The clouds thickened, darkened a bit, though still far away. Thunder rumbled.

My heart beat faster.

I knew that my fear was my greatest enemy.

So I made up a little Winnie-the-Pooh-like poem for this occasion.

It’s nice to know

that if it rains

I’ll be okay.

I repeated it, as I rocked back and forth on my haunches, my arms wrapped around my knees. I paused between each line, until I could hear the strength and conviction in my own voice.

It was an invocation.

Suddenly, three deer appeared: a buck, a doe and a fawn.

I froze, holding my breath as we do when we want the moment to last forever. The doe and I locked eyes. She froze, too, taking me in with her liquid brown eyes.

I don’t know what she saw in mine, but I like to think she saw one of her kind.

I held my breath.

Then a thought came to me: the deer came while I was rocking and breathing and reciting a poem, though much quieter now. I was soothing myself — or trying — and they came.

I once heard that a deer knows if a mountain lion is hungry from a mile away. They did not stumble upon me. They chose me.

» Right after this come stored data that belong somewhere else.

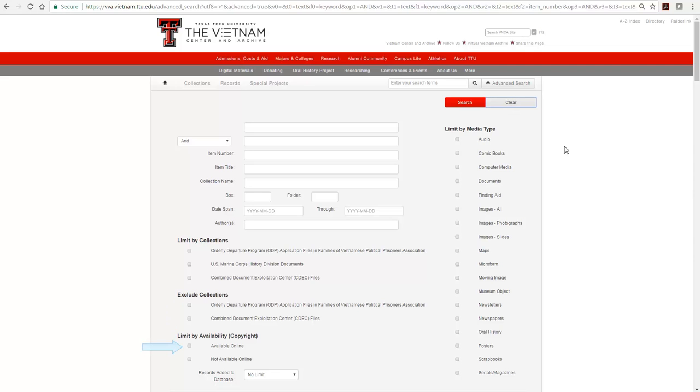Available Online allows you to remove the item records that do not have items to view online, either because they are not digitized or because they are copyrighted and cannot be viewed outside of the Vietnam Archive building.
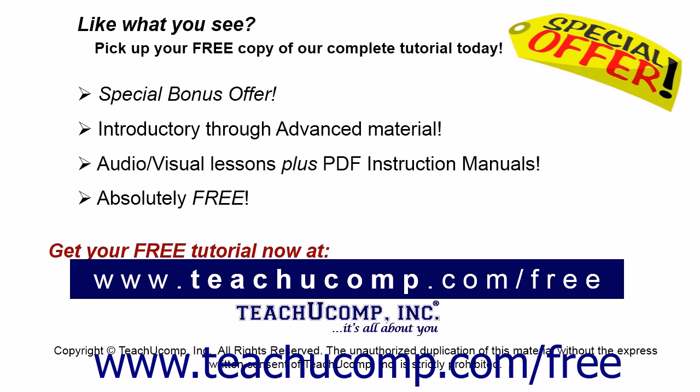Like what you see? Pick up your free copy of the complete tutorial at www.teachucomp.com/free.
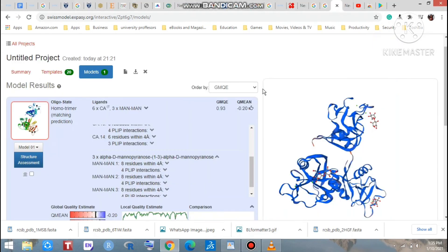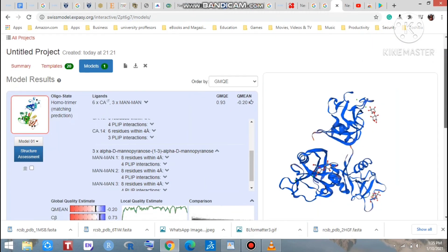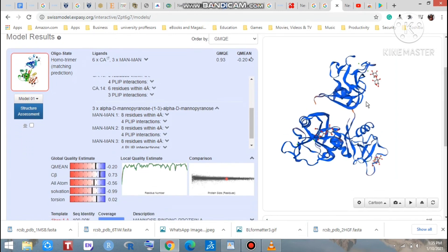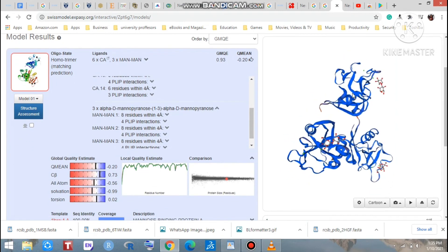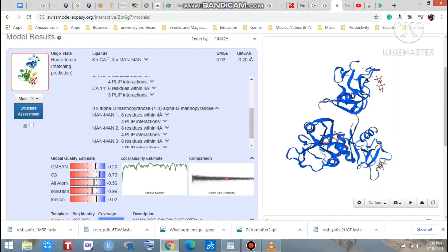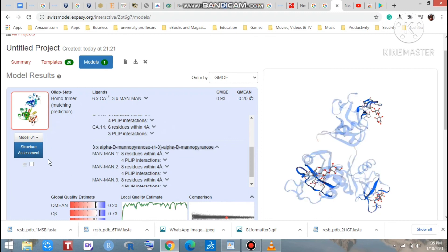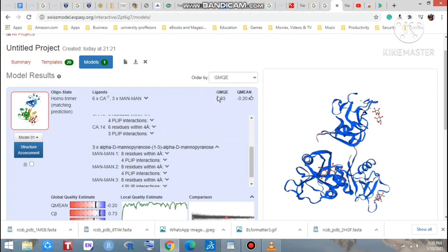Look at that, that is our result. Yes, that is the 3D structure which we are searching for. That is an oligo state and homo trimer. Okay, you can see two of the scores here: one is the GMQE which we have selected before in the template selection part, and the another is QMEAN score.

It was as though being myself, taking care of myself, was a signal to the deer that I was safe.

Though it would be another two decades before I recognized what had happened to me in the High Sierra Nevada Wilderness that day, I believe now that they answered my call.

So, I began to breathe again.

The deer family began grazing around me.

The clouds gathered and darkened. When thunder clapped, they bounded away, heading for cover.

For a moment I was bereft, alone again, abandoned.

But then I remembered: I am the girl who called the deer.

If I trust my deepest inner voice, I will always be okay.

It did not rain after all.

When my patrol picked me up after three days, I could not speak at first.

Someone told me later, I was skittish, like a deer.

I’d been initiated. I was wild.

This is the magic I still carry.

What’s your spirit animal? Do you have an experience that changed you forever?